Since that time, for at least some, the phrase “Kubernetes dial-tone” appears to have become something of a dog whistle, suggesting that IT operations managers were not necessary to its operation, and that PKS was some manner of fully-managed service. Indeed, VMware did position PKS as a platform for a managed service.

Then last June, VMware lifted the veil on a completely separate Kubernetes platform, VMware Kubernetes Engine (VKE), which it describes as a “fully managed SaaS-based service running on AWS.” So for a while, PKS was portrayed as a boon to operators, before appearing to hold out promises of pink slips. Then came VKE, which provides the No-Ops environment that some operators feared PKS (along with other PaaS platforms) would inevitably become, repositioning the earlier offering someplace in-between the two extremes.

“Both PKS and VKE have a shared promise to our customers and to their developers. Our customers are the IT operators, and they’re here to serve their development team,” remarked Paul Fazzone, VMware’s senior vice president and general manager for cloud-native applications, in an interview with The New Stack.

“What that promise is,” Fazzone continued, “is that the Kubernetes dial-tone we provide is 100 percent vanilla, whether you’re operating it on-prem with PKS, or you’re consuming it and operating in a public cloud environment with VKE as a SaaS service. They’re effectively identical in terms of developer interaction.”

The “dial-tone” that Fazzone portrays is like an assertion of the presence of a “common carrier,” for the benefit of developers who effectively consume the service and produce applications. Back in the days when the telephone conjured images of circuit switches, wires, and endless miles of long lines, the dial tone was the only signal the user needed that the service was on, and that it was functional. That dial-tone did not render operators unnecessary.
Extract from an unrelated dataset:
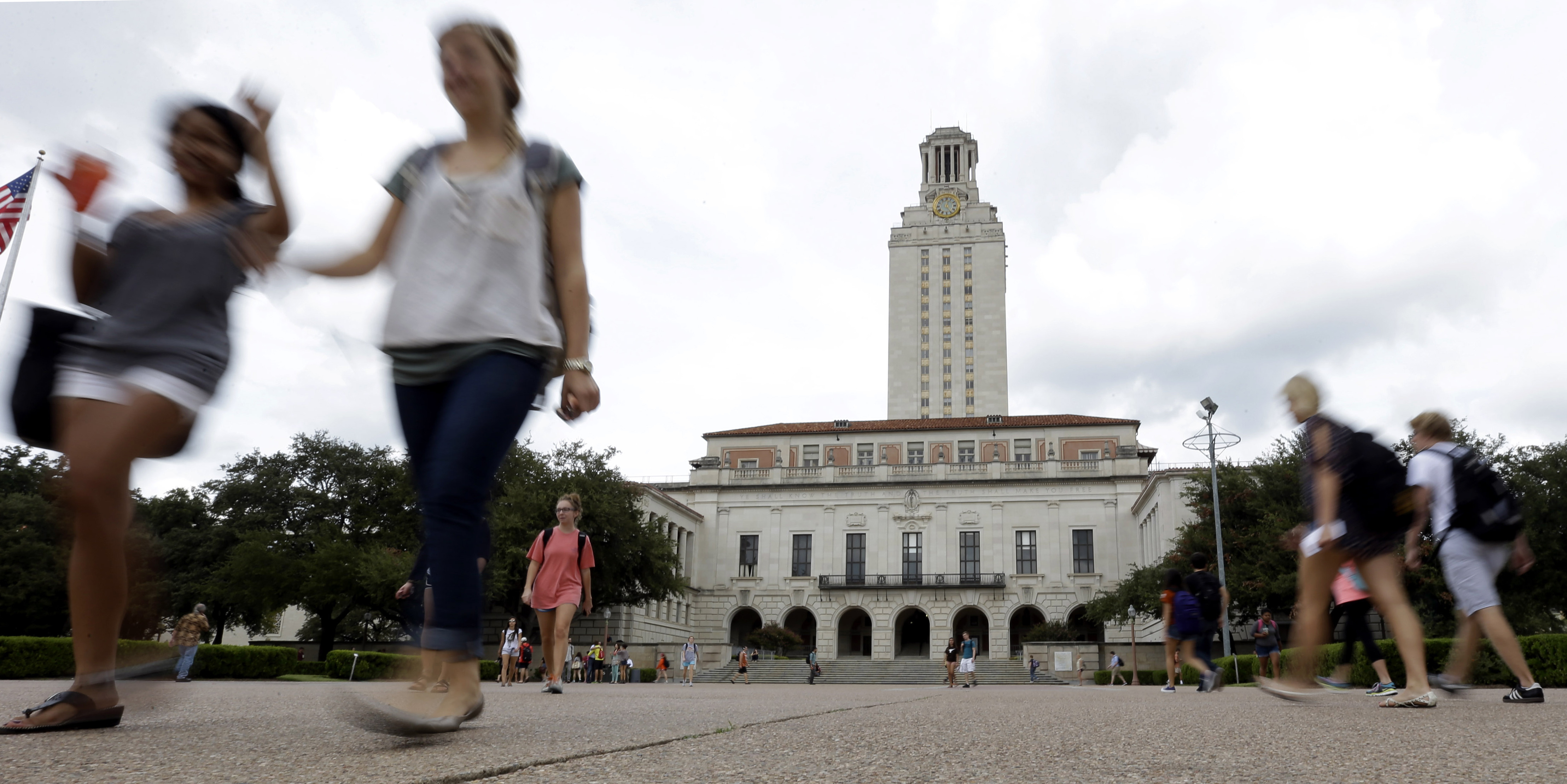 FILE - In this Sept. 27, 2012, file photo, students walk through the University of Texas at Austin campus near the school's iconic tower in Austin, Texas. (AP Photo/Eric Gay, File)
Quite the contrary: It provided service assurance that thousands of network “linemen” (and women) were doing their jobs.

Is this type of service assurance what the early adopters of PKS are bringing to fruition?  During Day one of VMworld 2018 in Las Vegas, the company hosted a panel of IT representatives from companies either adopting or actively evaluating PKS. It was a surprisingly frank discussion, and although you can expect VMware would not have selected customers who had little respect for PKS, their stories spoke to the challenges of “Day 2 Operations” — of integrating the platform into their work habits and processes, now that it’s installed and fully operational.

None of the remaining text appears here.